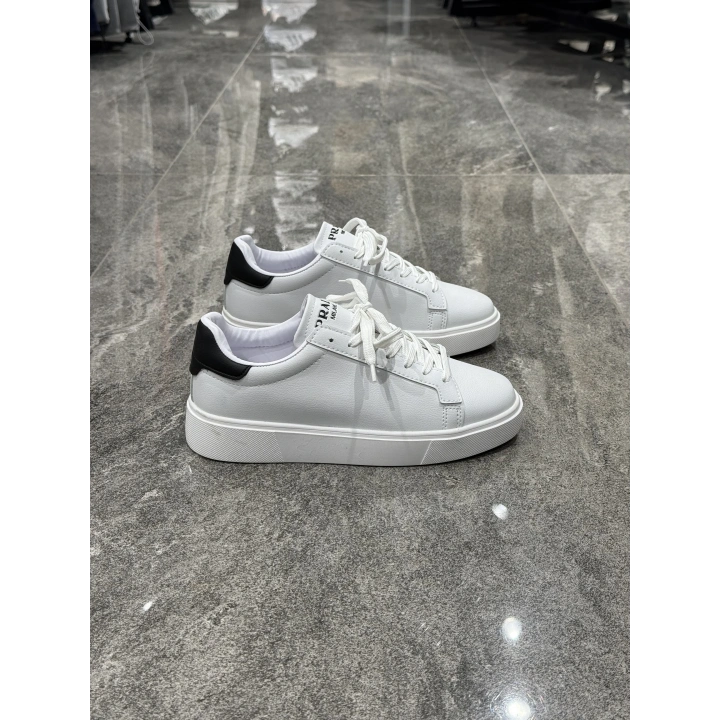 Prada Beyaz Siyah Topuk Günlük Klasik Spor Ayakkabı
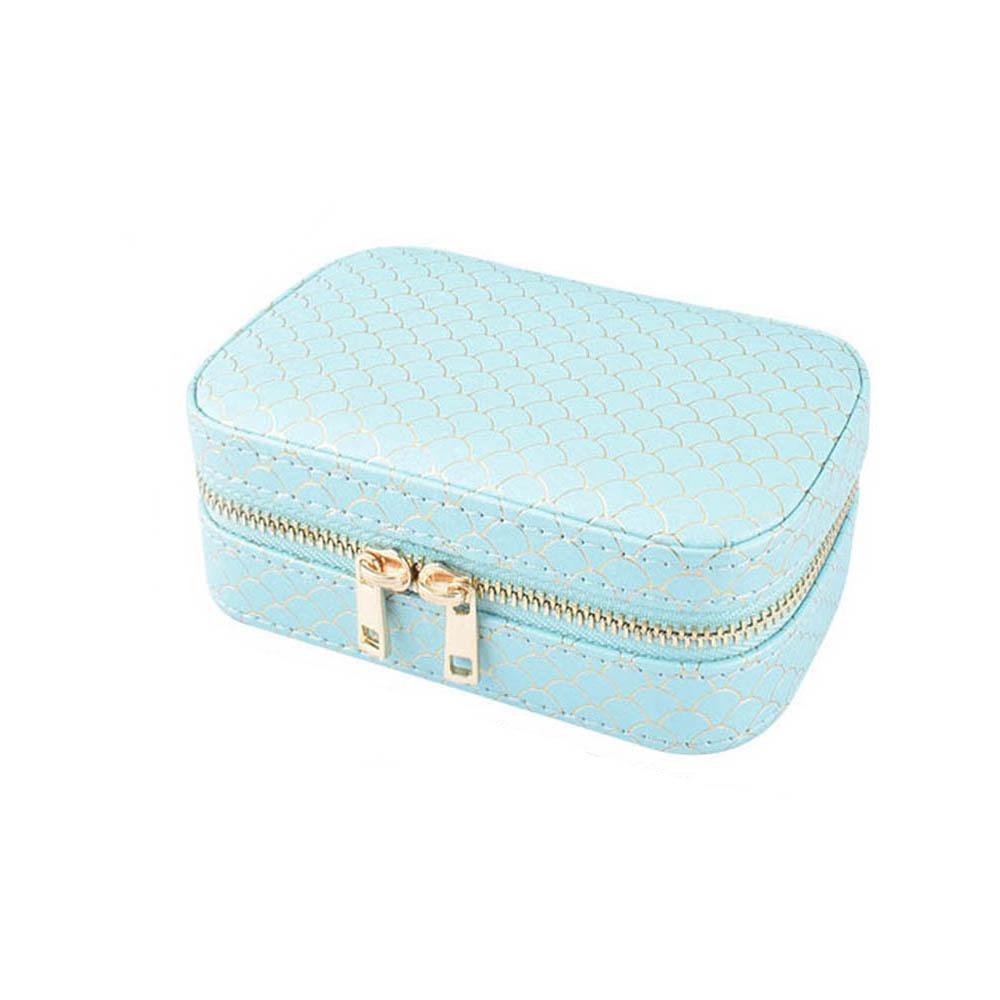 

PU Leather Mini Jewelry Box Waterproof Jewelry Exhibition Box Jewelry Organizer for Travel синій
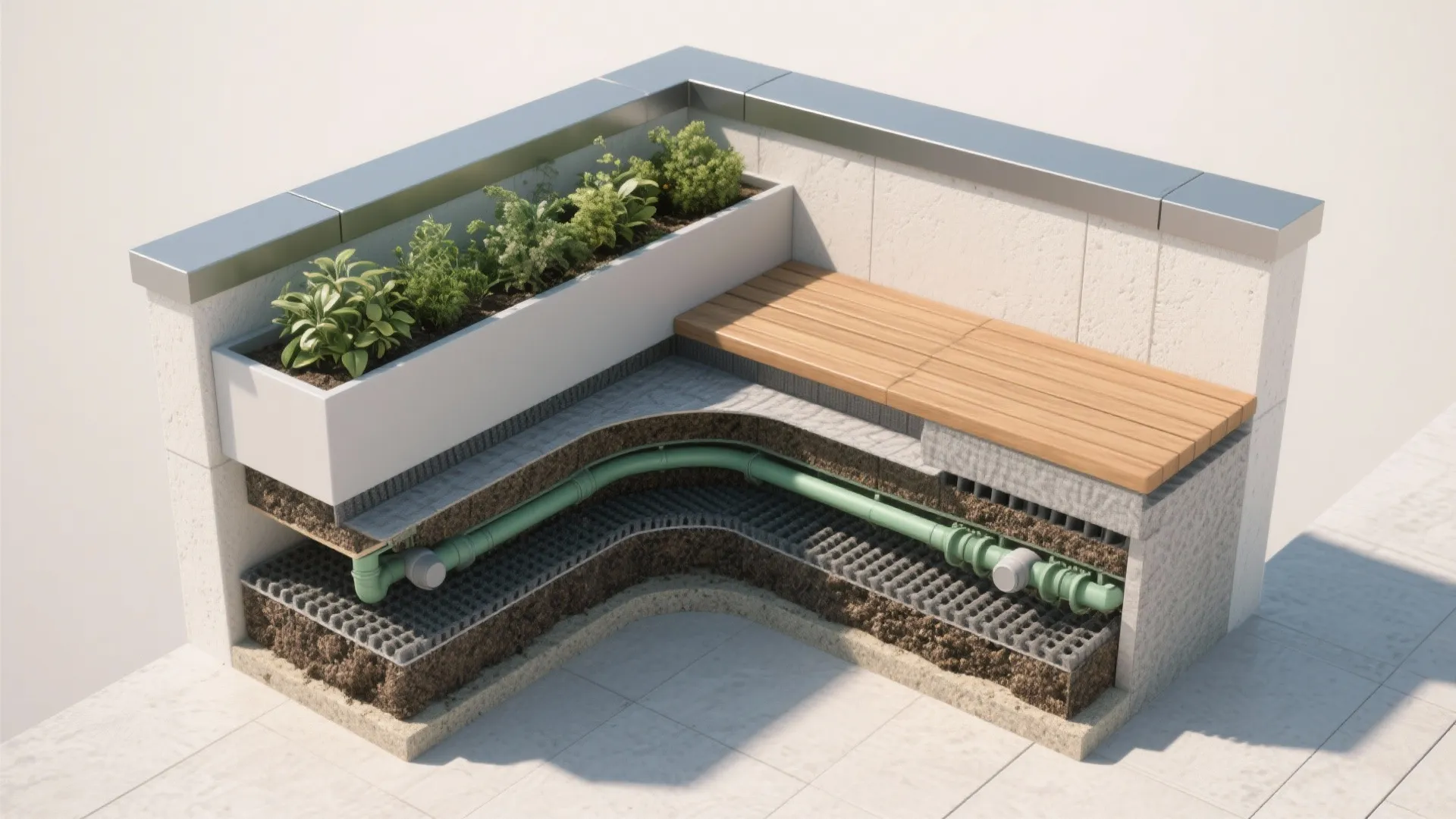 Interior design drawing showing layers of a rooftop garden with green plants and drainage pipe system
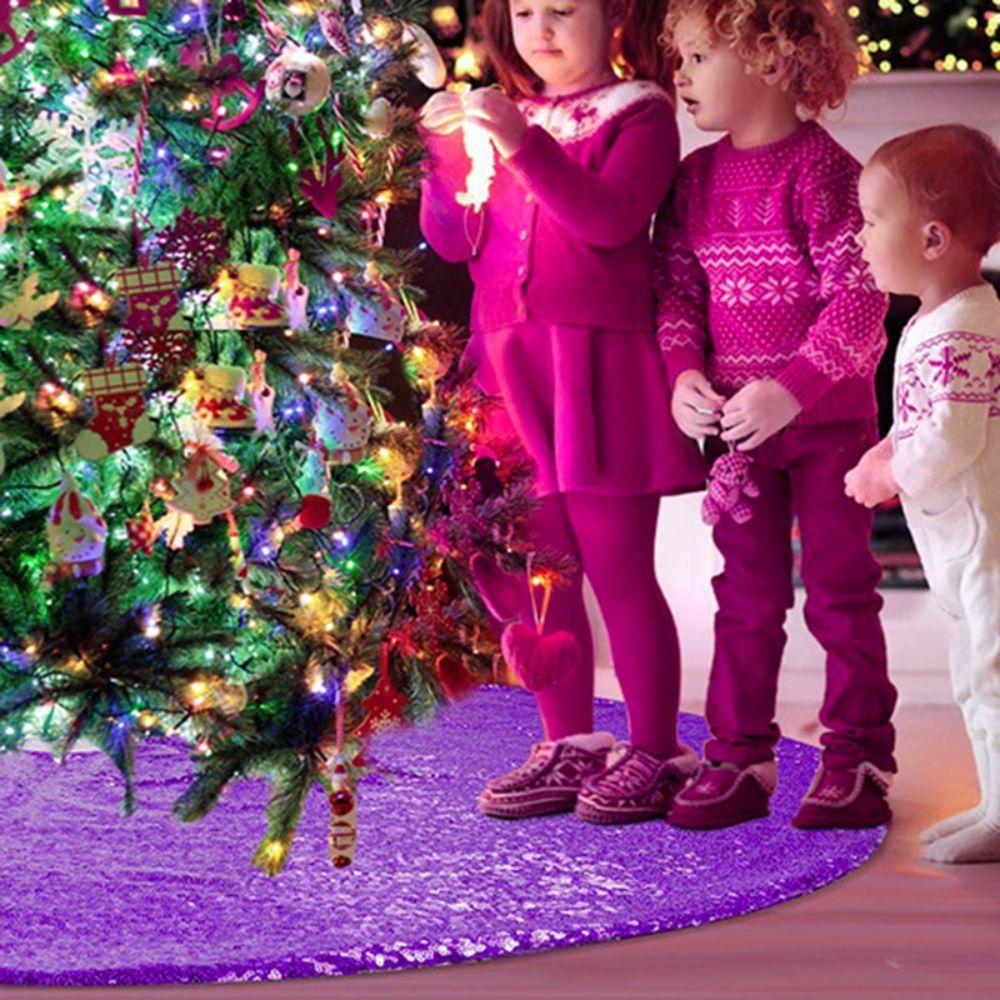 60/90/120cm Sequins Christmas Tree Skirts Glitter Xmas Tree Foot Cover Christmas Tree Mat  Wedding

────────────────────────────────────────

**Exercise details**. Repeat, line for line and exactly, the material from its first line through the line that contains "Interior design drawing", both ends included; no pictures belong in the copy.

**Answer space**.
 Prada Beyaz Siyah Topuk Günlük Klasik Spor Ayakkabı

PU Leather Mini Jewelry Box Waterproof Jewelry Exhibition Box Jewelry Organizer for Travel синій
 Interior design drawing showing layers of a rooftop garden with green plants and drainage pipe system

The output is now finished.